Des frères convers travaillant à la grange cistercienne de la Pannonie

Après la guerre de Cent Ans, les périodes de famine ou d'épidémies, et la ruine ou l'abandon de ces granges, l'abbé d'Obazine les loua, les arrenta selon le terme en usage, à de riches familles de la région qui y bâtissèrent des repaires. Ce fut le cas de Bonnecoste par exemple, et surtout de la Pannonie qui fut choisie par les Lagrange, riches marchands de Rocamadour. Ce sont eux qui firent édifier le premier château dès la fin du XVe siècle ou au début du XVIe siècle. En forme de "U", leur "repaire", aux fenêtres à croisée de pierre et aux solides murailles, a ensuite subi de nombreux remaniements. Le seul vestige visible actuellement est son aile orientale dite "des cuisines". Voûtées, elles disposent notamment d'une grande cheminée du XVe siècle, présentée lors de la visite du château.

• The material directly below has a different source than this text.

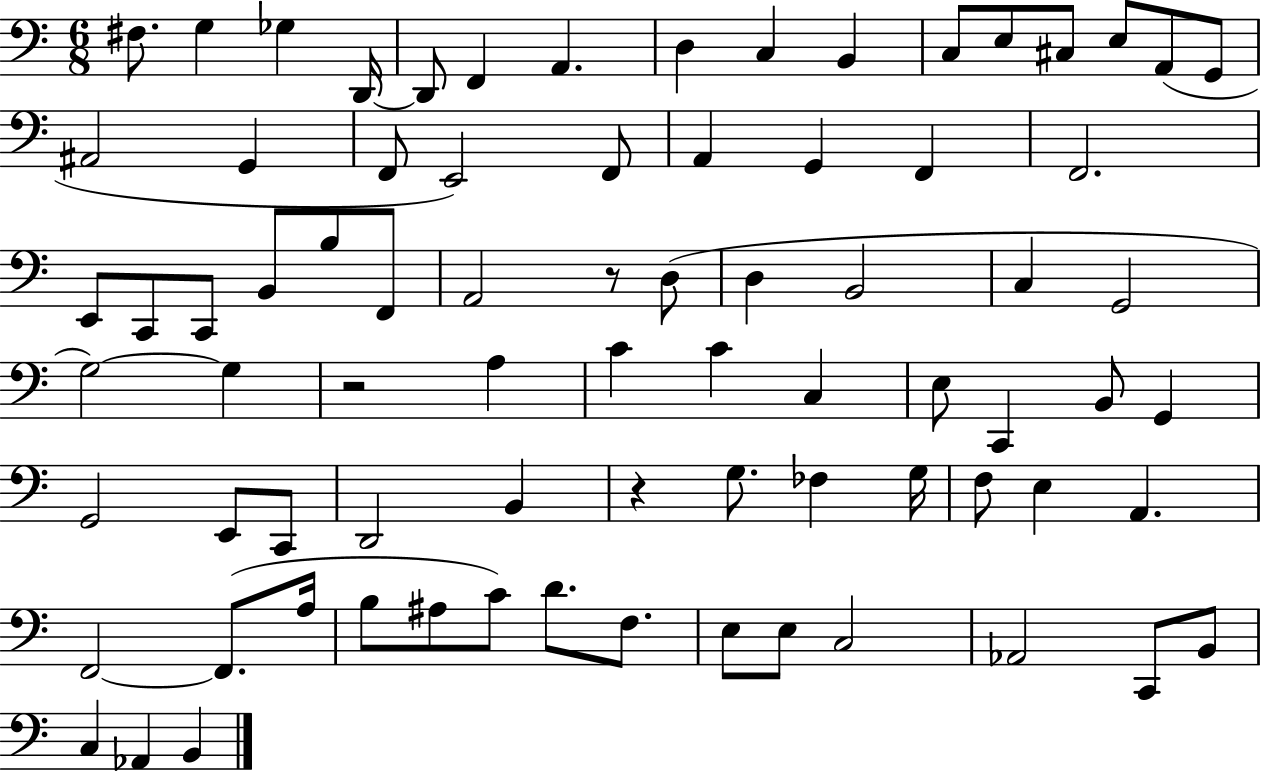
F#3/e. G3/q Gb3/q D2/s D2/e F2/q A2/q. D3/q C3/q B2/q C3/e E3/e C#3/e E3/e A2/e G2/e A#2/h G2/q F2/e E2/h F2/e A2/q G2/q F2/q F2/h. E2/e C2/e C2/e B2/e B3/e F2/e A2/h R/e D3/e D3/q B2/h C3/q G2/h G3/h G3/q R/h A3/q C4/q C4/q C3/q E3/e C2/q B2/e G2/q G2/h E2/e C2/e D2/h B2/q R/q G3/e. FES3/q G3/s F3/e E3/q A2/q. F2/h F2/e. A3/s B3/e A#3/e C4/e D4/e. F3/e. E3/e E3/e C3/h Ab2/h C2/e B2/e C3/q Ab2/q B2/q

Après la guerre de Cent Ans : la grange cistercienne transformée en repaire fortifié (XVe siècle)

Fortifié avant les guerres de religions, ce premier château ne fut ensuite remanié qu'au XVIIIe siècle. Une grande métamor- phose introduisit alors la mode du temps, le souci de la lumière et tout le confort recherché par les élites aristocratiques de l'époque. Les Vidal de Lapize, nouveaux propriétaires depuis 1685, décidèrent dans les années 1730 de transformer leur demeure en faisant construire au sud une aile majestueuse de style classique.

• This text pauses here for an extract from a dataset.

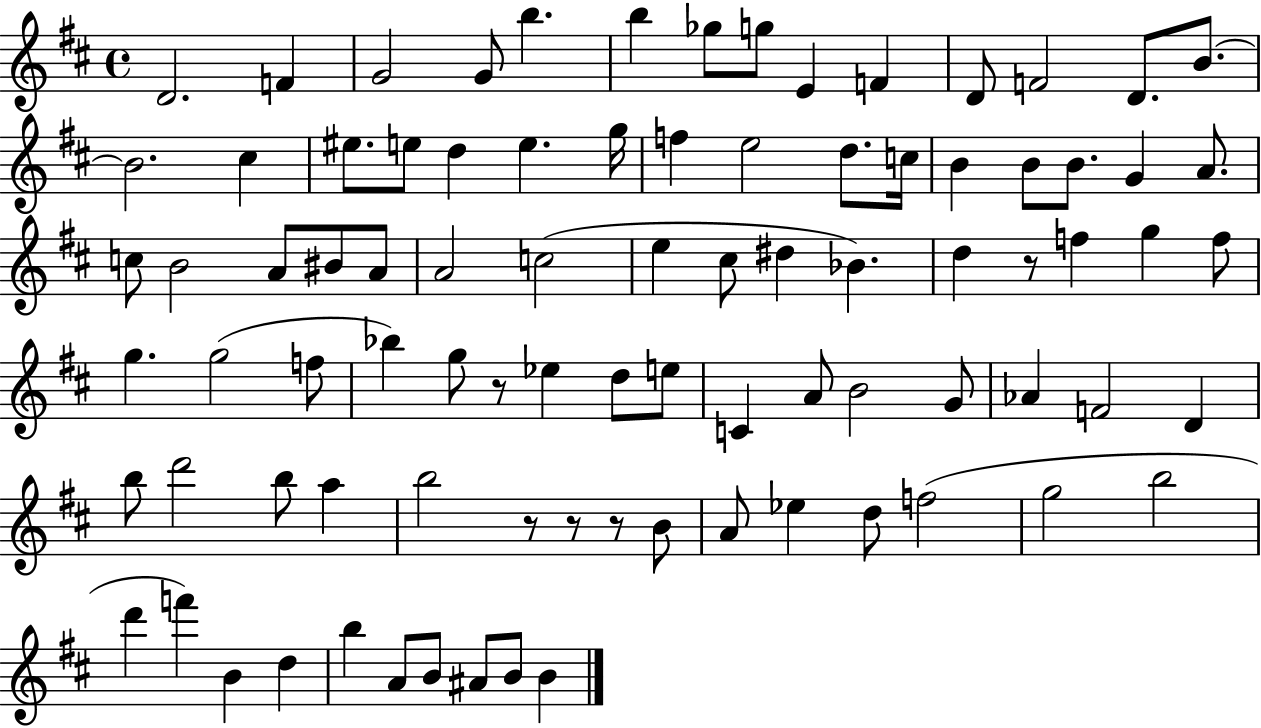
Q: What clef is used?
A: treble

L'installation des Vidal de Lapize et la mise en chantier du château 

C'est à Jean Vidal de Lapize que nous devons le "nouveau" château de la Pannonie, seul exemple en Quercy de ce type d'architecture "parisienne".L'extérieur si régulier et imposant,avec un fronton triangulaire surplombant l'avant-corps légèrement saillant, contraste avec des salons soignés à la décoration typiquement rocaille. De superbes gypseries y ont été sculptées, et chacune des pièces dispose d'une cheminée unique réalisée en marbre de Saint-Céré. En outre, après 1780, le fameux salon dit "de Saint-Sulpice", entièrement décoré de peintures du XVIIe siècle et provenant de ce château des bords du Célé, constitua une nouvelle pièce au cadre volontiers intimiste et romantique.Lorsqu'éclata la Révolution, Antoine de Lapize et ses fils émigrèrent. Ses domaines furent donc confisqués comme "biens nationaux", et ses filles furent conduites en prison à Cahors. Quant à leur jeune frère, il resta caché chez des fermiers durant toute cette période troublée. À leur libération, les deux sœurs furent obligées de racheter le château pour pouvoir s'y réinstaller et y vivre. Surnommées depuis lors les "tantes de la Pannonie", elles se dévouèrent ensuite entièrement à leur "maison" qui, sans leur courage et leur dévouement, aurait été définitivement perdue.

Quelques transformations réalisées à la fin du

XIXe siècle

Des travaux furent réalisés à la fin du XIXe siècle par Charles Vidal de Lapize, maire de Couzou, et dernier du nom. En plus de l'agrandissement de la petite église de la Pannonie, qui dispose ainsi d'un nouveau chœur plus élevé, il fit restaurer les ardoises des toitures. Dans le parc, les arbres du précédent quadrilatère "à la française" ont été arrachés pour laisser place à une vaste surface "à l'anglaise". Ses invités pouvaient de la sorte passer la nouvelle grille, avant d'être accueillis à l'entrée du château, face au parc. Le maître des lieux pouvaient ensuite leur faire découvrir ses nouveaux aménagements intérieurs, depuis le hall et jusqu'au grand salon à la décoration typiquement "Napoléon III".La fille aînée de Charles, en épousant en 1886 le baron Félix de Saint-Vincent, fitpasser le domaine dans cette famille. Châtelaines de la Pannonie, ces deux petites-filles maintiennent toujours, avec courage et amour, ce bien lourd héritage. Depuis le classement du château au titre des Monuments Historiques, en 1992, elles entreprirent de nombreux travaux d'entretien et de restauration. Grâce à elles, ce fleuron de l'architecture classique en Quercy a été ouvert au public lors des Journées du Patrimoine. Et depuis 2005, visiteurs d'un jour ou passionnés revenant régulièrement peuvent profiter des visites estivales.